**What to do**.
Pictures do not belong in the copy; retype the records below exactly.
(Beginning of Input)
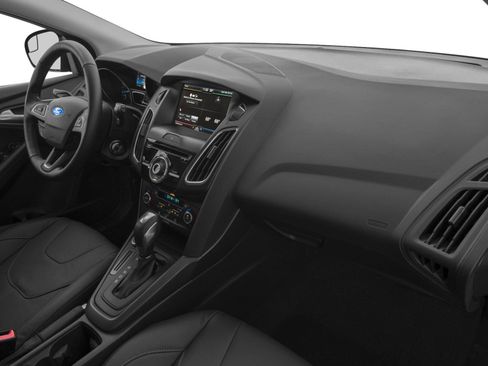 Used 2016 Ford Focus SE FWD image 10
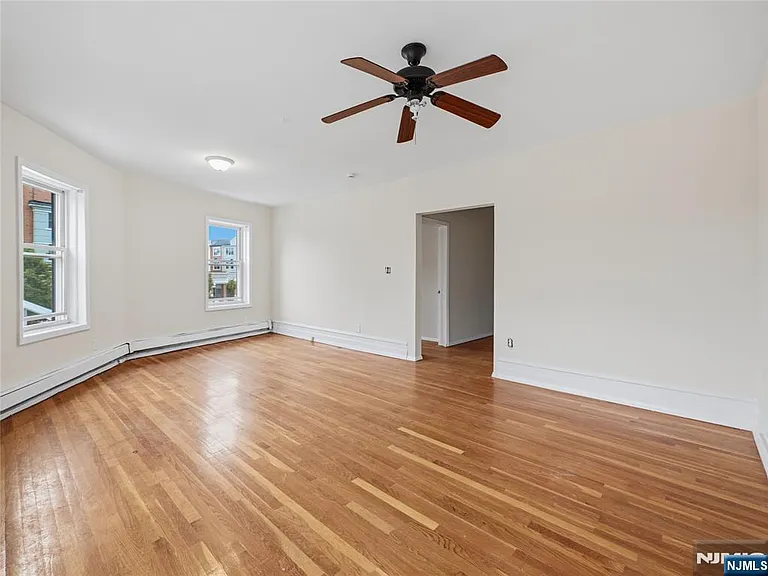 1-2 Hilliard Ave #1 — Photo 7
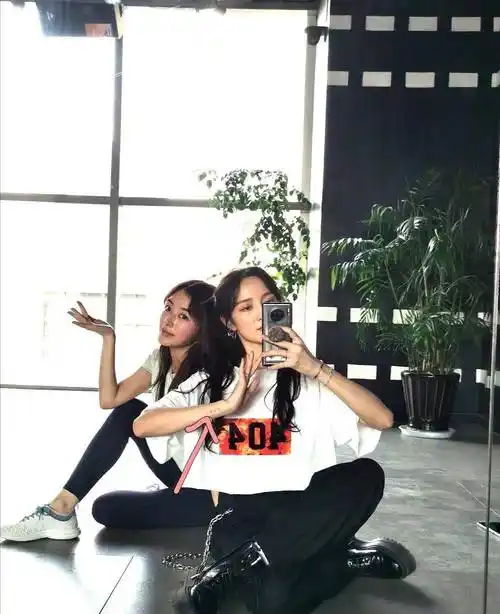 孟佳晒新歌封面,半裸上身,纤细时尚,不愧是小野马泫雅的闺蜜!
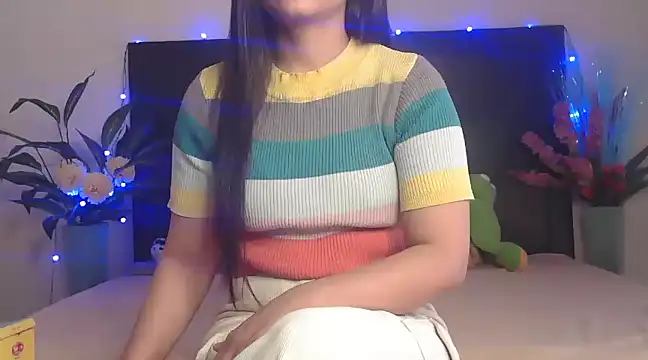 Snapshot of WildRuhi20 chatting on 12, 3, 2025 WildRuhi20 online show from 12, 3, 2025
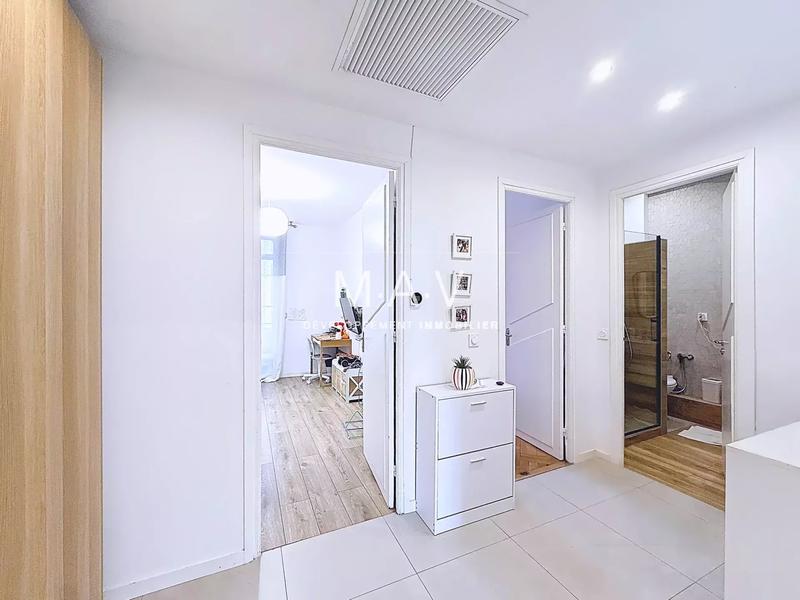 Appartement - 104 m² - 4 pièces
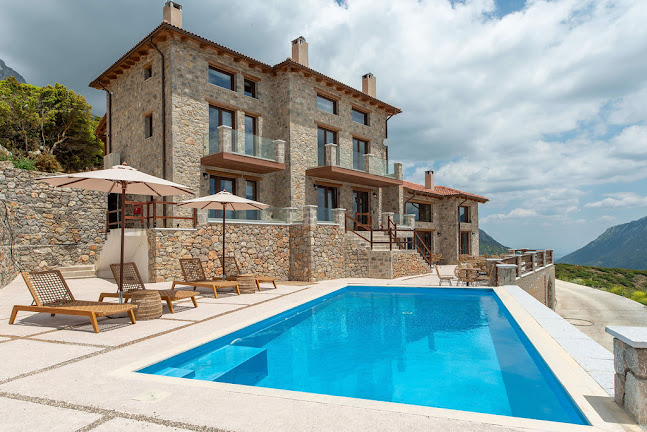 Opinii despre 5 Ράχες Retreat în Αράχωβα - Γαστρονομία και φιλοξενία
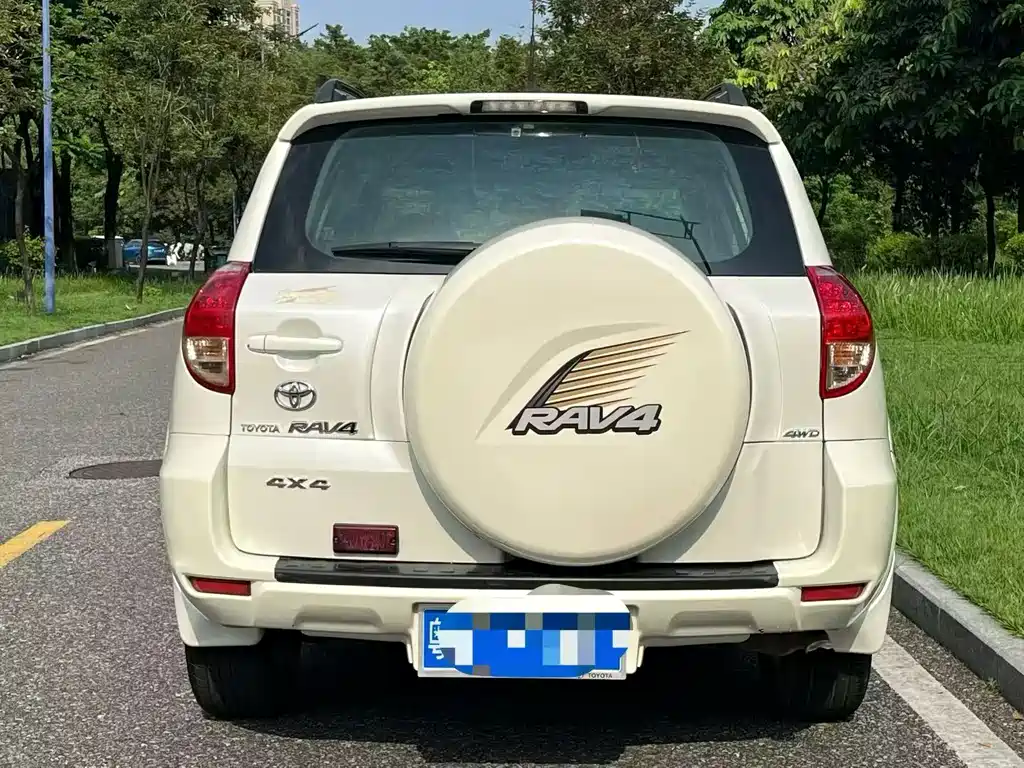Toyota RAV4 — миниатюра 9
(End of Input)
**Exercise solution**.
 Used 2016 Ford Focus SE FWD image 10
 1-2 Hilliard Ave #1 — Photo 7
 孟佳晒新歌封面,半裸上身,纤细时尚,不愧是小野马泫雅的闺蜜!
 Snapshot of WildRuhi20 chatting on 12, 3, 2025 WildRuhi20 online show from 12, 3, 2025
 Appartement - 104 m² - 4 pièces
 Opinii despre 5 Ράχες Retreat în Αράχωβα - Γαστρονομία και φιλοξενία
Toyota RAV4 — миниатюра 9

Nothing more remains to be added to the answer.